Input material:
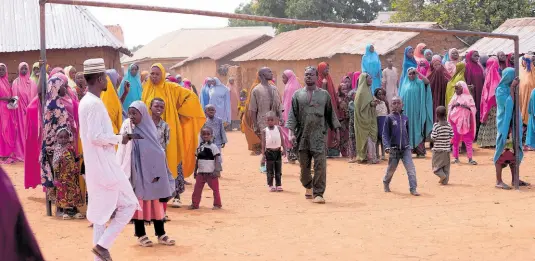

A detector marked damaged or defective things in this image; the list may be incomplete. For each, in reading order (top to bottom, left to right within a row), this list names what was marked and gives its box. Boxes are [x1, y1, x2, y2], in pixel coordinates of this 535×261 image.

rusted tin roof [0, 0, 130, 54]
rusted tin roof [171, 34, 272, 69]
rusted tin roof [234, 21, 440, 61]
rusted tin roof [464, 18, 535, 55]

Task prompt:
The listing above, line by line: print it exactly, but not its pictures.

Output of the task:
A detector marked damaged or defective things in this image; the list may be incomplete. For each, in reading order (top to bottom, left to right within a row), this list names what was marked and gives its box. Boxes are [x1, y1, x2, y2], in pixel coordinates of this 535×261 image.

rusted tin roof [0, 0, 130, 54]
rusted tin roof [171, 34, 272, 69]
rusted tin roof [234, 21, 440, 61]
rusted tin roof [464, 18, 535, 55]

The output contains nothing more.